▶ **ACTIVITY**:
The whole listing is to be retyped exactly as it appears.

▶ **AVAILABLE DATA**:

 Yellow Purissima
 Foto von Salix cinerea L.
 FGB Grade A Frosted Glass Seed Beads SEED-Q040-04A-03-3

▶ **WRITTEN SOLUTION**:
 Yellow Purissima
 Foto von Salix cinerea L.
 FGB Grade A Frosted Glass Seed Beads SEED-Q040-04A-03-3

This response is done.